After the Kosi river broke a dam in Nepla, the state of Bihar in Eastern India has been hit by the worst flooding in 50 years, which the Indian Prime Minister says is a "National Calamity” and has announced a relief package of Rs. 1000 crores.
According to the Press Trust of India, over 30 lakh people in more than 1000 villages in 16 districts of Bihar - Saharsa, Supaul (243 districts), Madhepura (378 villages), Araria, Purnia, Katihar, Khagaria, Muzaffarpur, West Champaran, Saran, Sheikhpura, Vaishali, Begusarai, Bhagalpur, Patna and Nalanda - have been affected by the floods.

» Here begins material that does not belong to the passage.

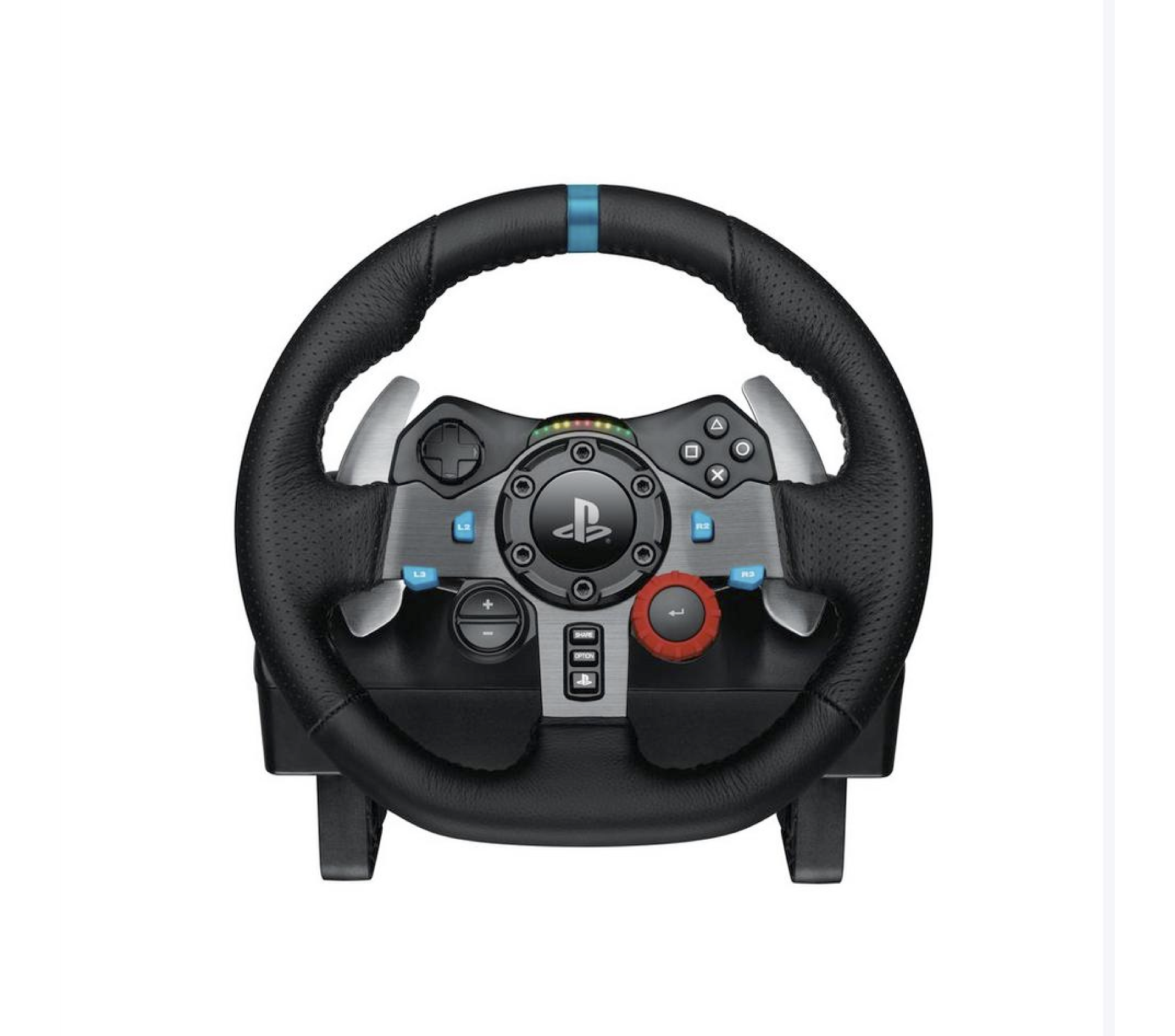 Logitech G 29 Driving Force Racing - Pedales de rueda y piso,  retroalimentación de fuerza real, palanca de cambios de paleta de acero  inoxidable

The first four districts were the worst affected where over 22.75 lakh people in 755 villages were affected by the Kosi River fllods.
State government sources say that over 350,000 people have been evacuated during the past 10 days and more than 100,000 people are living in over 100 relief camps.
Rescue efforts are hampered by rain and damaged roads.
While the Bihar government puts the official death toll in floods after the Kosi river changed course at 12, international NGO ActionAid whose people are involved in relief operations says 'it is likely that 2,000 people have died', saying the government does account for people who are missing.
Air Force choppers and Navy divers have been pressed into service, and offers of help are coming from other state governments.
There are reports of boat makers along with Dacoits and Molesters enjoying brisk business amidst all the chaos and sorrow.
Kosi - Bihar’s sorrow
The Kosi is a young river and according to experts, it has yet to settle on a fixed course. An article in the Indian Express explains the unsettled nature of the Kosi River:
“Prior to 1731, Kosi used to flow by Purnea and Forbesganj. It last changed its course in 1952. The river started sliding towards the west, flowing by Murliganj in 1892, Madhepura in 1922, Saharsa in 1936 and by 1952 it had reached Darbhanga.”
It also does not help that the Kosi River operates in an area of dense population that depends on agriculture for its livelihood.
Naturally, when in August 2008, the Kosi River burst a dam in neighboring Nepal, sorrow flew easy, catching everyone by surprise.
Why floods happen in Bihar
When we say that Bihar is India’s most flood-prone State, we actually mean the plains of North Bihar, a low lying area accounting for 76 percent of the states' population, occupying about 68800 sq Km of land out of total state area of 94160 sq Km (73.06 percent of the state’s land).
Some 8 big rivers originating in the Himalayas in Nepal drain in Bihar - the Kosi, Gandak,Burhi Gandak, Bagmati, Kamla Balan, Mahananda and Adhwara Group of rivers. These rivers swell easily during the monsoon season and so far there have been no solid way to contain the annual floods. Along with water, these rivers carry a high ‘sediment load’ from the mountains, causing river beds to rise to alarming proportions. As long as the Ganges river, acting as a ‘mighty drain’ catches them, things are easy But when the Ganges itself is full tight, floods happen.
Nepal Government’s Responsibility: Nepal foreign minister Upendra Yadav says that as per the April 1954 Kosi Agreement, "The responsibility for the upkeep, maintenance and repair is with India ... it is clearly written in the agreement,"
Indian Government’s Responsibility: The Nepalese Foreign Minister also says that India has not conducted necessary repairs of the Kosi barrage for 5-7 years.
Looking at the magnitude of the impact, tit is safe to say that the Bihar Flood catastrophe of 2008 will have long-term consequences.